Os crimes na internet

Ao mesmo tempo em que a internet criou novas possibilidades de relacionamento, de busca de informações e de conteúdo, o universo virtual passou a ser visto por muitos como uma “terra sem lei”

Com o passar do tempo, as leis tiveram que acompanhar essas mudanças, adaptar a legislação existente e, também, criar normas específicas para avaliar a conduta dos internautas.  É o que explica a professora da Faculdade de Direito de Ribeirão Preto, da Universidade de São Paulo (USP), especialista em Direito Digital, Cíntia Rosa Pereira de Lima. “O Direito é uma ciência social aplicada, ou seja, deve acompanhar as mudanças sociais. Nesse sentido, o constante avanço científico e o desenvolvimento de novas tecnologias fazem com que o Direito repense algumas de suas premissas. Por exemplo, a sociedade digital é marcada pela desmaterialização, tudo pode ser transformado em uma equação binária, como as músicas, livros e serviços digitalizados”. 

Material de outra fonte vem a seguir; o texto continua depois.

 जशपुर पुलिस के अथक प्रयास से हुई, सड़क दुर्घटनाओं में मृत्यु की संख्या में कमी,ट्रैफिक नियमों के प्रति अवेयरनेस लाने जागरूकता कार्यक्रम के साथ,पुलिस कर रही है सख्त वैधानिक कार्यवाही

Segundo a especialista, essa sociedade digital se caracteriza pela eliminação dos territórios, ou seja, os bens e os dados pessoais são disponibilizados na internet circulam em escala global, ultrapassando as fronteiras físicas, o que se comprova pela atuação dos grandes provedores de conteúdo como o Google e o Facebook.  Cíntia destaca ainda que tudo acontece em fração de segundo e os fatos podem ficar armazenados, por muito tempo, em servidores em nuvens. “Todo esse contexto revela a imperiosa função do Direito em regular as novas relações e os conflitos sociais que emanam dessa nova realidade”, observa a professora. 

Essas questões podem criar reviravoltas no mundo virtual, como a recente atuação de um cracker e de um hacker em sistemas de informação, e os desafios jurídicos e econômicos do Blockchain, sistema de registros que garante a segurança das operações realizadas por criptomoedas (Bitcoins). “O digital é uma extensão do Direito levando em conta as especificidades da sociedade informacional. A sua função é pacificar esses novos conflitos sociais e garantir maior segurança jurídica”, afirma a professora. Inicialmente, a Internet era utilizada para fins acadêmicos e de pesquisa.  A partir do final da década de 90, quando a internet passou a ser uma ferramenta poderosa no comércio eletrônico, surgiu a necessidade de proteger o consumidor e as empresas desse universo. “Não significa criar um novo direito, mas, tão somente regulamentar as questões específicas decorrentes desse novo e poderoso meio de comunicação e disseminação de informação”, explica Cíntia.

Proteção ao usuário 

Para Cíntia, a sua função do direito digital é pacificar esses novos conflitos sociais e garantir maior segurança jurídicaA especialista explica que os crimes digitais podem ser considerados aqueles praticados por meio da internet ou outro sistema de informação. “O Direito Penal trabalha com uma lógica de interpretação restritiva e prévia descrição legal sobre os tipos penais (crimes). A legislação deve estabelecer as condutas criminosas praticadas na internet”, avalia Cíntia. Atualmente, de acordo com a professora, os crimes mais comuns praticados na internet são furtos de identidade para se passar por outra pessoa, crimes de estelionato, furto mediante fraude, quebra de sigilo bancário, pornografia infantil e crimes contra a honra. Esses crimes estão previstos na legislação. No Brasil, por exemplo, a professora conta que a primeira alteração para tipificar como crime algumas condutas praticadas no ambiente virtual foi o Estatuto da Criança e do Adolescente (ECA), lei nº 8.069, de 13 julho de 1990. “O ECA dedica o “Título VII - Dos Crimes e Das Infrações Administrativas” para disciplinar as condutas especificadas como crime contra a criança e o adolescente. Em especial, a Lei n. 11.829 de 2008, alterou o ECA para abranger condutas praticadas por qualquer meio, incluindo a internet”, explica. 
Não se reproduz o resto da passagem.